Tracking the origins and evolution of a corporation’s culture of risk

Stephan Siegel

Stephan Siegel

Why do some firms take so many risks while others seek certainty—often over many decades in business?

A study by Stephan Siegel of the UW Foster School of Business determines that a corporation’s leaders tend to share common attitudes toward risk and uncertainty. This commonality manifests itself in a distinctive “corporate risk culture” that drives a firm’s intensity of investment in research and development, and propensity to engage in mergers and acquisitions.

Moreover, the study establishes that an organization’s particular relationship to risk persists over time—often evolving little from the personal risk profile of its founder.

“We find that corporate attitude toward risk is significantly influenced by a company’s founder,” says Siegel, the Michael G. Foster Endowed Professor of Finance and Business Economics. “And then it remains fairly persistent—through hiring and promoting like-minded leaders—over many years.”

Novel approach

A corporation’s relationship to risk has enormous bearing on its actions in the market. But from a research perspective, it’s a tough nut to crack. Business decisions are made by a variety of senior executives and corporate directors, each bringing their own level of comfort with risk and uncertainty to this collective endeavor.

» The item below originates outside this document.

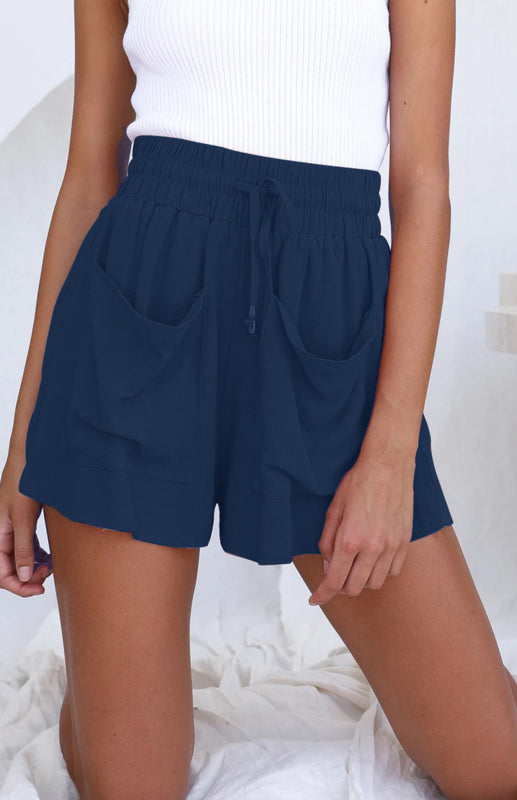 Comfy Chic High-Waist Linen Shorts – Lightweight, Breathable, & Stylish for Summer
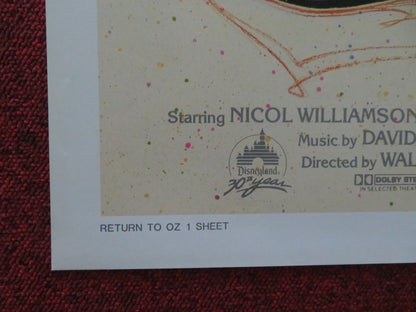 RETURN TO OZ FOLDED US ONE SHEET POSTER DISNEY FAIRUZA BALK NICOL WILKINSON 1985 Movie posters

But how do you measure individual and organizational risk preference at a scale that allows for statistical analysis across a large range of companies?

Siegel and co-authors Yihui Pan (University of Utah) and Tracy Wang (University of Minnesota) went big, examining the leadership personnel and strategies of 6,000 U.S. public firms between the years 1996 and 2012.

To establish the risk preference of each senior executive and director, they expanded upon recent research showing that economic preferences of individuals—particularly attitudes toward risk, uncertainty and patience—are partly shaped by cultural heritage.

They inferred cultural heritage by matching each surname with its nation of origin, according to historic Ellis Island immigration records.

What’s in a name?

It turns out that a person’s last name contains a fair prediction of his or her relationship to risk and uncertainty.

In the 1980s, social psychologist Geert Hofstede developed a measure of aggregate national risk preferences that he called the Uncertainty Avoidance Index (UAI). According to the UAI, China and the Scandinavian countries are among the most-risk tolerant nations while the most risk-averse include Russia, Portugal and Greece. All others fall somewhere in between.

After inferring the dominant cultural heritage of the senior executives and directors in the study, the researchers simply assigned the corresponding UAI national rating to each.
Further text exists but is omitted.